Algunos volvieron la cabeza para identificar al
escandaloso; hubo unos segundos de estupor que ahondó
aún más el silencio de la sala; fray Alonso reprochó con
una severa mirada al autor de las interrupciones; don
Ferrando esperó unos segundos a que volviera la calma
sin levantar la vista de los papeles y continuó leyendo:
—Cuando quieren hacer
algún mal de verdad, llaman a Miguel de Goiburu que es
el encargado de llevar la redoma donde guardan estos
polvos malignos, salen al campo y citan a Belcebú para
que acuda a ayudarlos; llega el diablo y los arroja
con la mano izquierda por el aire diciendo con voz ronca
y tenebrosa: «Polvos, malos polvos, piérdase todo
lo que haya en este campo, o en este pueblo, y que se
salve lo mío» para aniquilar la cosecha de algún vecino;
y dicen que al cabo de un tiempo se malogra lo que haya
en aquel campo. Si lo hacen sobre los castaños, los
erizos se vuelven mustios, no llevan castañas sino sólo
cáscaras. Si sobre los manzanos, la flor se marchita,
enferma y seca para que no llegue el fruto. A los trigos
suelen hacérselo cuando están en caña, antes de que
comiencen a granar, y las espigas se quedan vanas o los
granos son muy pobres.
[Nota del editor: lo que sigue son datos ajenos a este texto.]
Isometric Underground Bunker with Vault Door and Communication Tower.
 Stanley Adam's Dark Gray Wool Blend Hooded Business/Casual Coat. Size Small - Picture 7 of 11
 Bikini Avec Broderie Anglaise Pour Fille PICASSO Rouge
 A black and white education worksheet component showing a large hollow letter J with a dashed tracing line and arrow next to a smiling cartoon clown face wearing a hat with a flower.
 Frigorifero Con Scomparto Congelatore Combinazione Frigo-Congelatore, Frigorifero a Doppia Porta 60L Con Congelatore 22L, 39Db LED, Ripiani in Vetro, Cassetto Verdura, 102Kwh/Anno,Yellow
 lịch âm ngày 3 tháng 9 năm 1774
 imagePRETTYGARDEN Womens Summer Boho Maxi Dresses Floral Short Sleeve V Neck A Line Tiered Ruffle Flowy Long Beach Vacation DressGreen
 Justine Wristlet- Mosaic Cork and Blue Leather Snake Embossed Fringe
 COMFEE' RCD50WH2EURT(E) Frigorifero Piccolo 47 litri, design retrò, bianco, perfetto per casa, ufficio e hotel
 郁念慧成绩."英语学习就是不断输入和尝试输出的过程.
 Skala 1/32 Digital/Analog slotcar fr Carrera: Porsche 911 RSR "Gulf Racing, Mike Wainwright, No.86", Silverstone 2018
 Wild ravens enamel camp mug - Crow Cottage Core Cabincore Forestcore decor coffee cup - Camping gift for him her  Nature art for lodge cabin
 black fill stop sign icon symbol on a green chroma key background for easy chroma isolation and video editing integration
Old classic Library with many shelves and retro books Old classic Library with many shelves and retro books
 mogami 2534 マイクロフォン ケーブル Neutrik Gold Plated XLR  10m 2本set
Las habas se llenan de pulgones,
las berzas son comidas por los caracoles..., y ninguna
planta queda salva. No obstante, confiesa que no por
eso sus heredades son de mejor condición que las otras,
pues el mal se extiende por igual sin respetar las
posesiones de los brujos, por eso cuidan mucho de hacer
el daño lo más lejos posible de sus tierras.
Proceden de la misma
forma con las personas que buscan arruinar, matar o
hacerles caer enfermas por indicación del demonio o por
vengar viejas enemistades. Y así le piden que a tal o
cual persona le dé un mal de muerte o una enfermedad,
según las ganas que tenga de venganza. Satanás bendice
unos pocos polvos y le concede la petición al brujo;
luego le acompaña a casa de la persona que quiere dañar
y, aprovechando que duerme, le abren la boca metiéndole
un atadillo de aquellos polvos envueltos en piel de
sapo, o le unta el hombro izquierdo, el cuello u otras
partes diciendo: «El Señor de las Tinieblas te dé mal de
muerte, o te dé tal enfermedad por tanto tiempo,
etcétera». Y en acabando se van. En breve estas personas
caen enfermas o comienzan a padecer muy grandes dolores
y trabajos llegando, incluso, a morir en poco tiempo.
Y entre muertes, males y
venganzas, más de veinte confiesa haber cometido
Graciana de Barrenetxea. Dice que a poco de tener amores
con el demonio y ser amante suya, le tuvo gran envidia y
celos una tal Carmela de Odia, hermana de Juan de Odia,
bruja como ella y también enamorada del diablo; por
esta competencia de amores empezaron a mirarse mal.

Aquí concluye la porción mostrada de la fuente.